The expected answer is the data below, printed verbatim without its pictures.

# Material provided:
================================

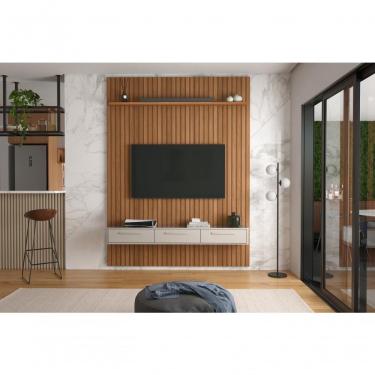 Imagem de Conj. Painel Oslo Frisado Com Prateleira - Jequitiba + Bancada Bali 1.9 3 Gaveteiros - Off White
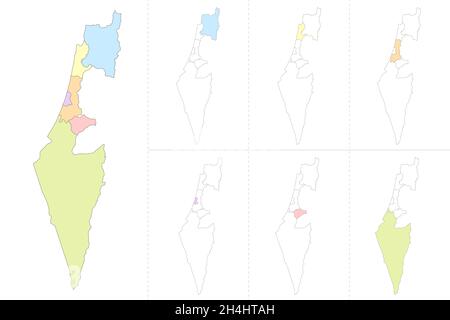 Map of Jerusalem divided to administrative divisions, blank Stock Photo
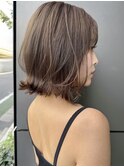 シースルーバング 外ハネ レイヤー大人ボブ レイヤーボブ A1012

================================

# Completed exercise:
 Imagem de Conj. Painel Oslo Frisado Com Prateleira - Jequitiba + Bancada Bali 1.9 3 Gaveteiros - Off White
 Map of Jerusalem divided to administrative divisions, blank Stock Photo
 シースルーバング 外ハネ レイヤー大人ボブ レイヤーボブ A1012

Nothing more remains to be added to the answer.